Emerald Ash Borer (EAB) is a new invasive pest in the Pacific Northwest, first detected in 2022 in Forest Grove and just recently discovered in the Beaverton area. This insect is a destructive wood boring beetle native to Asia that was accidentally introduced in the U.S. in 2002. It is estimated to have killed over 100 million trees to date.

The photo below shows the quick decline and death of large mature trees infested by the Emerald Ash Borer in just 2 years.

Photos Courtesy Superintendent of Forestry Operation Chad Tinkel, City of Fort Wayne Indiana

How is this infestation different than some of the other wood boring beetles that we have seen in our area?

  • This pest primarily affects Ash trees, which are widely and commonly used throughout our landscapes.

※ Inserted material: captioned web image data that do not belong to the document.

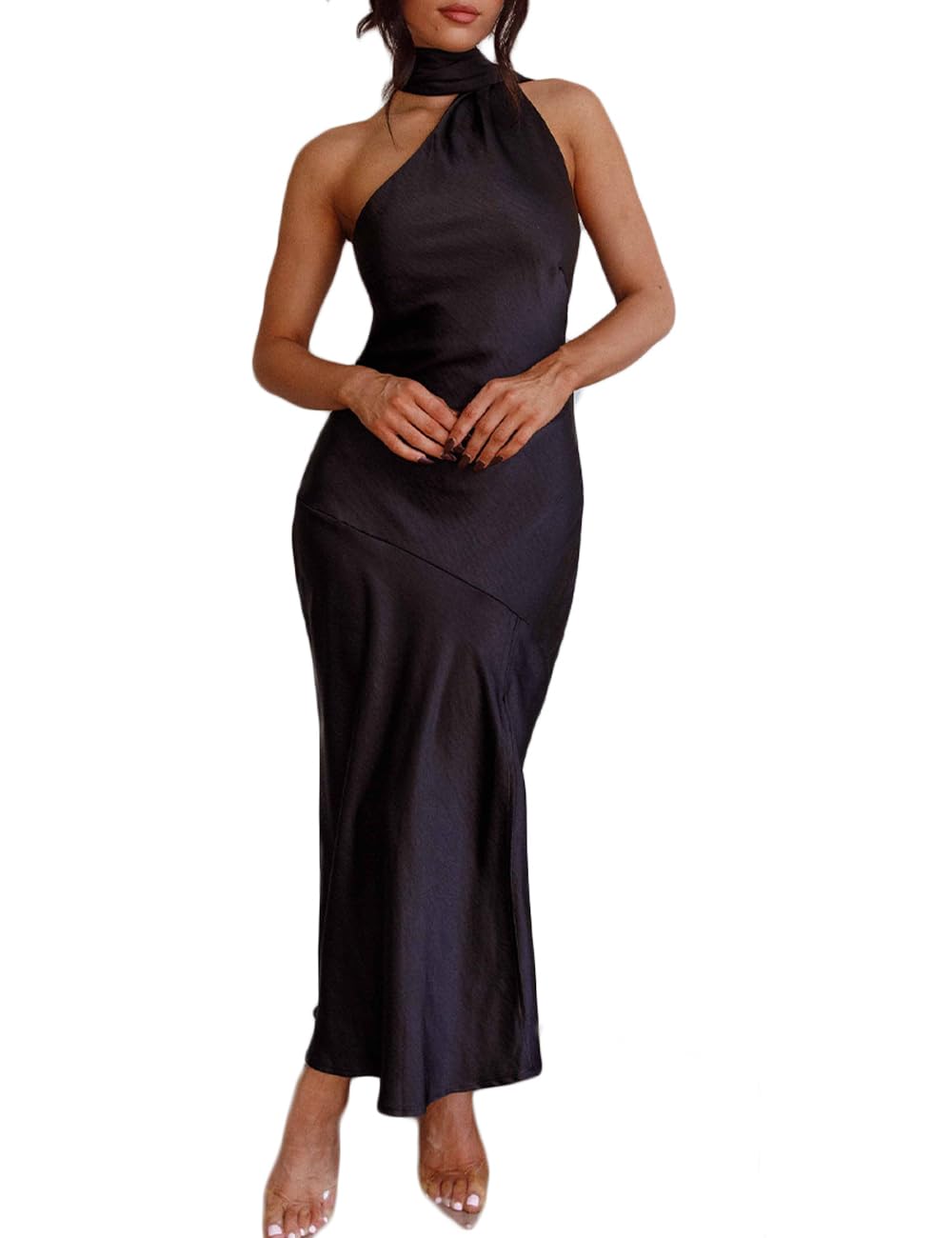 Elegant Satin Backless Halter Wedding Guest Dress for Women - Sleeveless Cowl Neck Midi Cocktail Dress with High Slit | Perfect for Evening Parties, Bridal Showers & Formal Events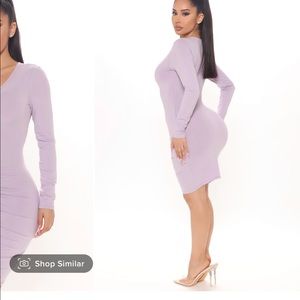 Fashion nova basic long sleeve body in dress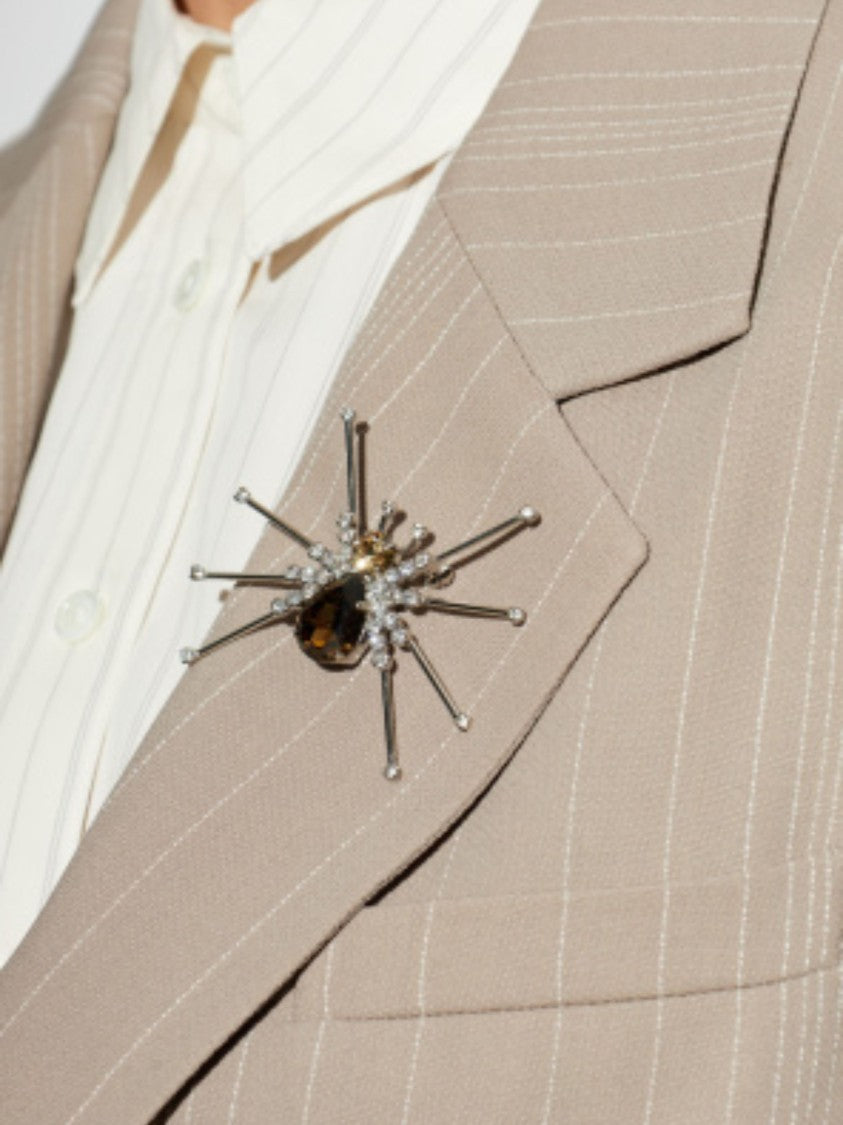 Golden Goose Beige Striped Appliqué Detail Wool Blazer
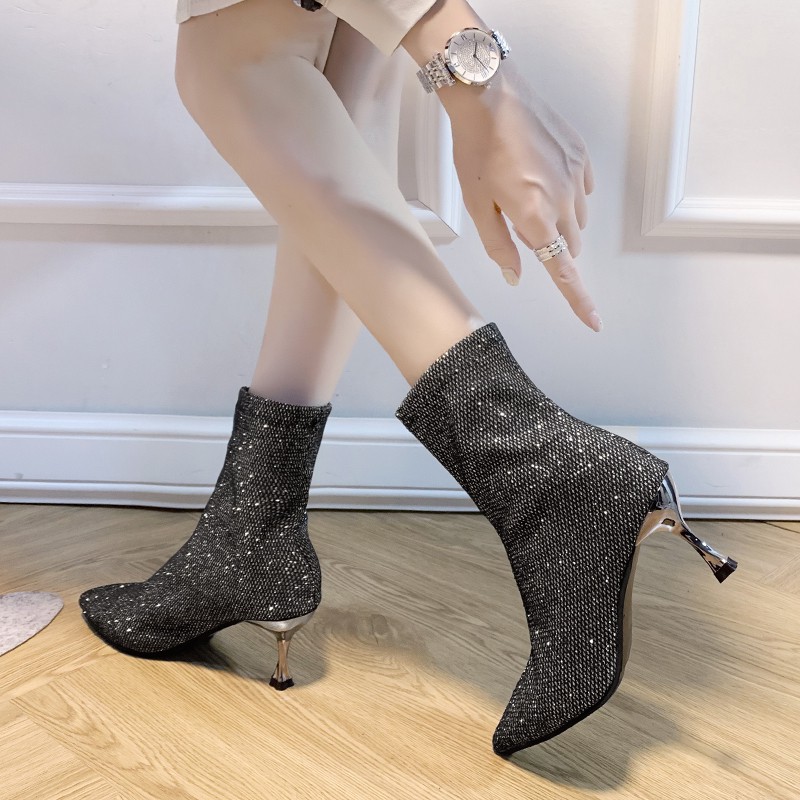 RYS - Glittery Sequined Sepatu Boots Hak Pesta/Liburan - Ori Import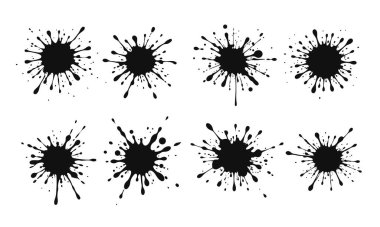 Bir çift leke, mürekkep sıçraması. Soyut leke, sıvı boya, leke lekesi, damlama, sprey. Siyah boya damlaları, yağ, mürekkep. Vektör sıvı siluetleri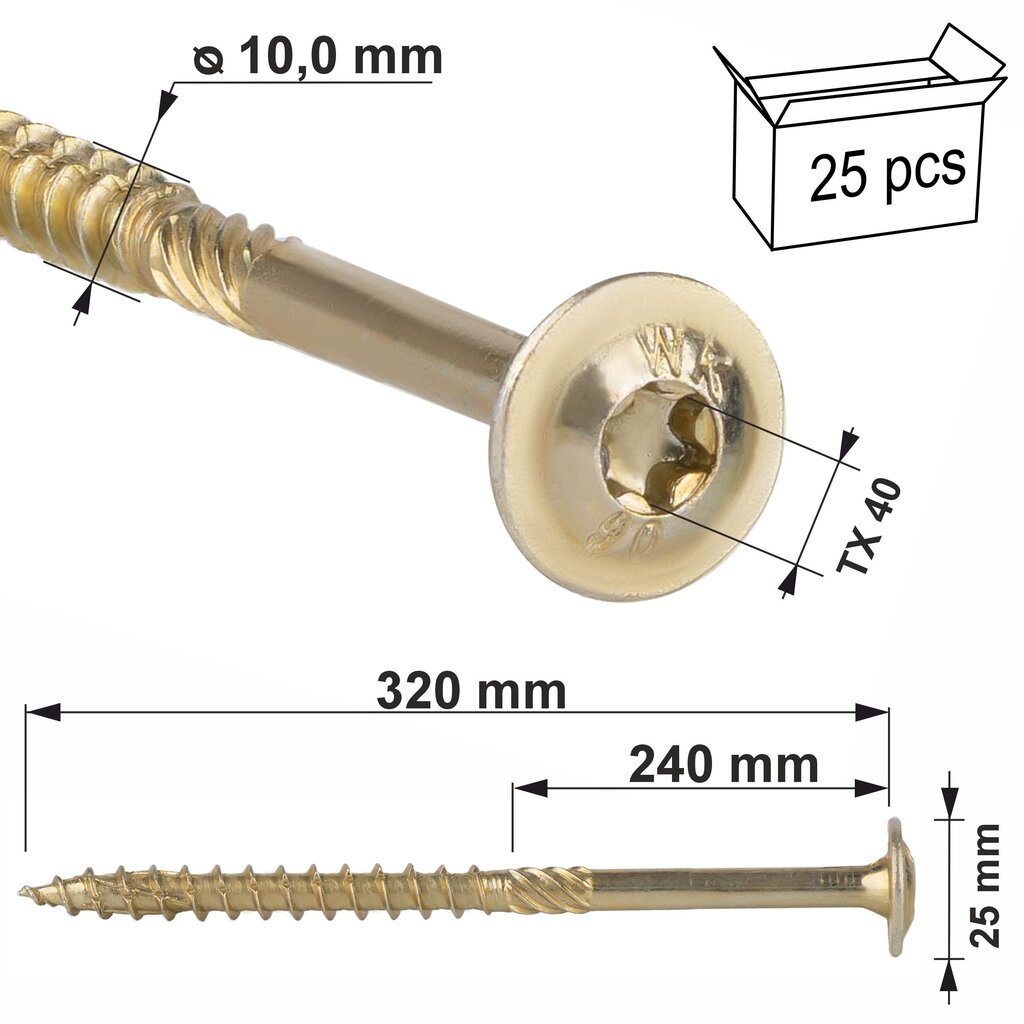 25 gab. Skrūves kokam 10x320 mm, plakana, TORX, Klimas WKCP cena un informācija | Stiprinājumi | 220.lv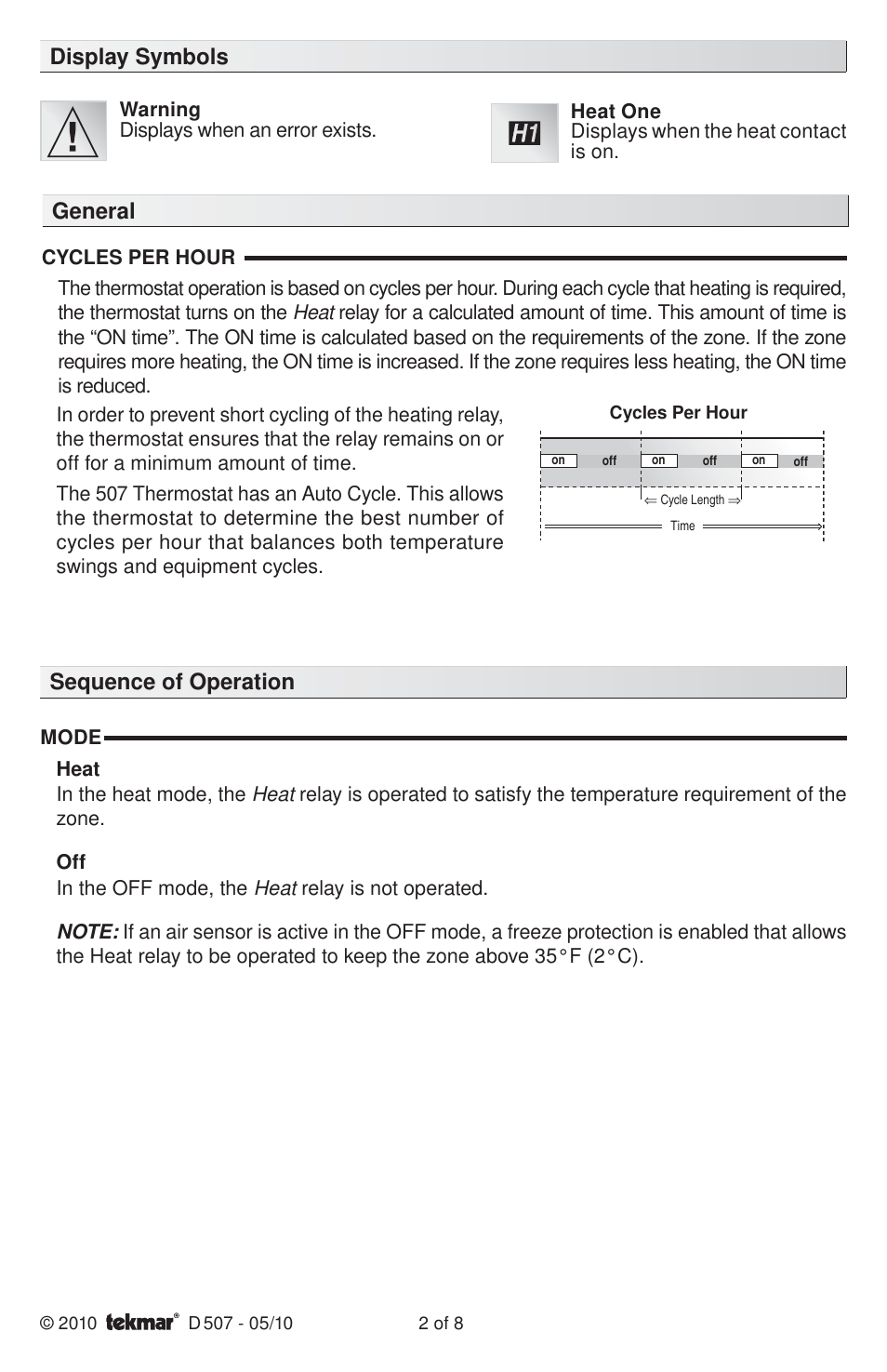 General display symbols, Sequence of operation | tekmar 507 Thermostat Installation User Manual | Page 2 / 8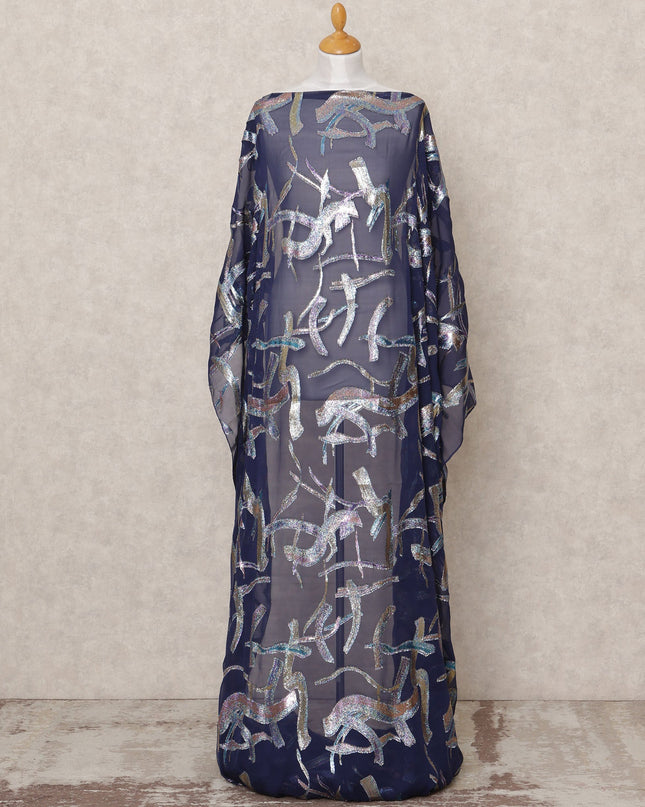 Navy Blue Traditional Somali Silk Chiffon Dirac Fabric with Metallic Lurex, 3.5 Mtrs Piece, Width 140 Cms, Made in South Korea-D26512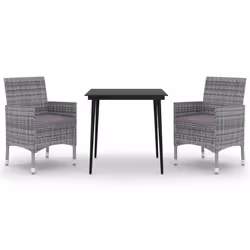 vidaXL Set da Pranzo per Giardino 3 pz con Cuscini Polyrattan e Vetro - Vista aggiuntiva 2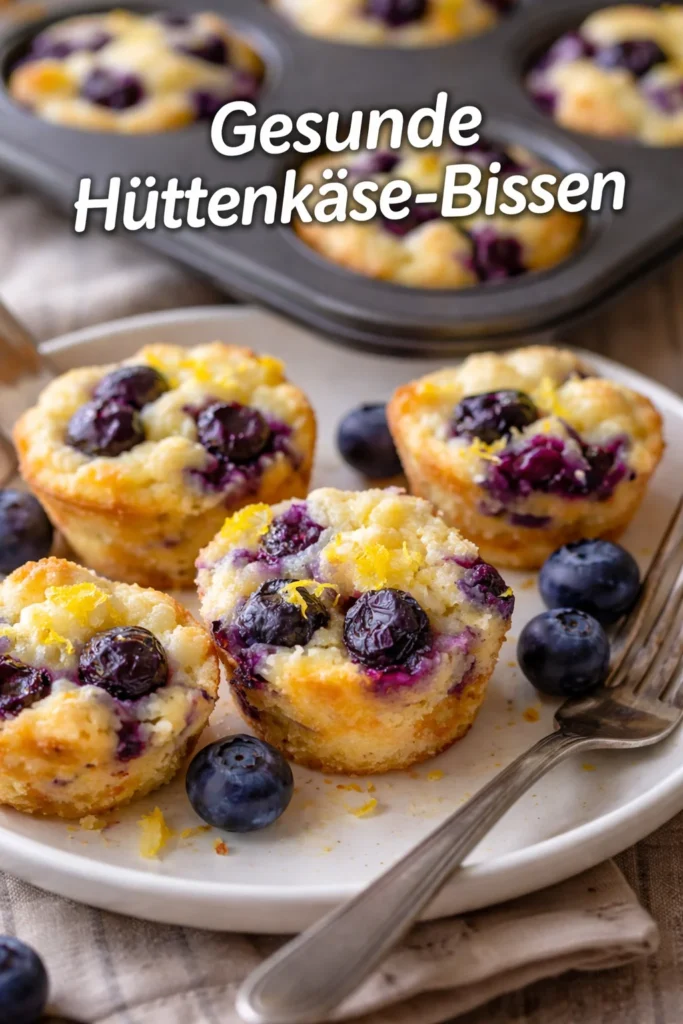 Erfrischende Hüttenkäse-Bissen mit Blaubeeren und Zitronenzeste auf einem Teller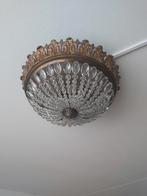 Antieke bronzen empire kristallen plafonnière goede staat, Ophalen of Verzenden, Zo goed als nieuw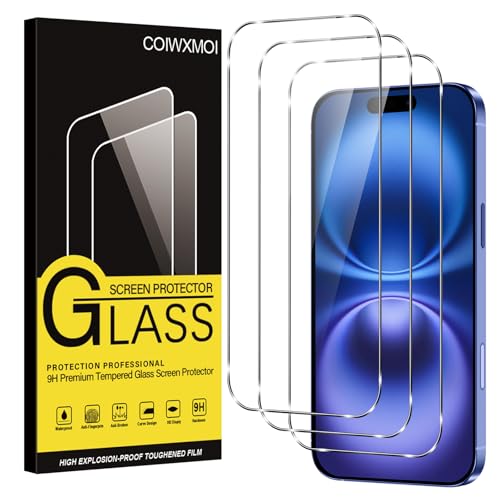 Coiwxmoi Verre Trempé [3 Pièces] Pour iPhone 16, Dureté 9H Film Protection écran, Ultra Résistant Vitre Protecteur, Clarté HD, sans Bulles, Anti-Rayures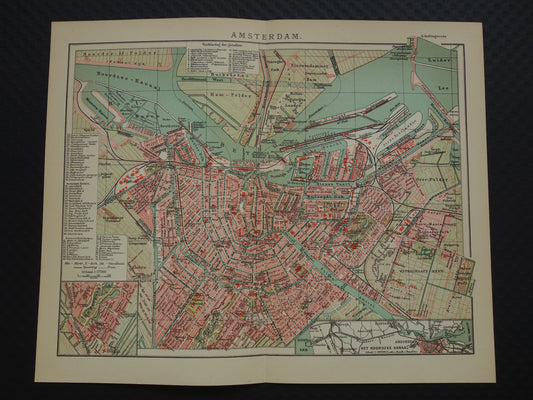 AMSTERDAM oude kaart van Amsterdam 1914 originele antieke Nederlandse plattegrond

  • The Emerald Ash Borer reproduces at a very rapid and exponential rate, leading to a quick decline and death of a tree after infection.

  • The tree canopy cover in our riparian zones is at risk. It is estimated that 70% of the canopy that covers our rivers, streams and lakes is comprised our native Oregon Ash Tree.

One insect will lead

to over 200 million progeny

in 5 years.

As landscape and property managers, we have a social responsibility to help slow the spread of this pest and protect our sensitive ecological areas.